Dicky grinned. “Hooking jack!”

“Hooking jack?” Maida repeated in a puzzled tone.

“Hooking jack—playing hookey—playing truant.” Dicky watched Maida’s
face but her expression was still puzzled. “Pretending to go to
school and not going,” he said at last.

“Oh,” Maida said. “I understand now.”

“She just hates school,” Dicky went on. “They can’t make her go.

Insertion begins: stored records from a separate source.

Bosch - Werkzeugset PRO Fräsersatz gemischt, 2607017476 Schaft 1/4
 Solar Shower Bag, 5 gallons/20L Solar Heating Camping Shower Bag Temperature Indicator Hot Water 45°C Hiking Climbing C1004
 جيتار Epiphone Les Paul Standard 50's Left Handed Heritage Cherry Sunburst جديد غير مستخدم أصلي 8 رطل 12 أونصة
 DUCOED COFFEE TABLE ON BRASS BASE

Old
Stoopendale, the truant officer, is always after her. Little she
cares for old Stoopy though. She gets fierce beatings for it at
home, too. Funny thing about Rosie—she won’t tell a lie. And when
her mother asks her about it, she always tells the truth. Sometimes
her mother will go to the schoolhouse door with her every morning
and afternoon for a week. But the moment she stops, Rosie begins to
hook jack again.”

“Mercy me!” Maida said. In all her short life she had never heard
anything like this. She was convinced that Rosie Brine was a very
naughty little girl. And yet, underneath this conviction, burned an
ardent admiration for her.

“She must be very brave,” she said soberly.

“Brave! Well, I guess you’d think so! Arthur Duncan says she’s
braver than a lot of boys he knows. Arthur and she hook jack
together sometimes. And, oh cracky, don’t they have the good times!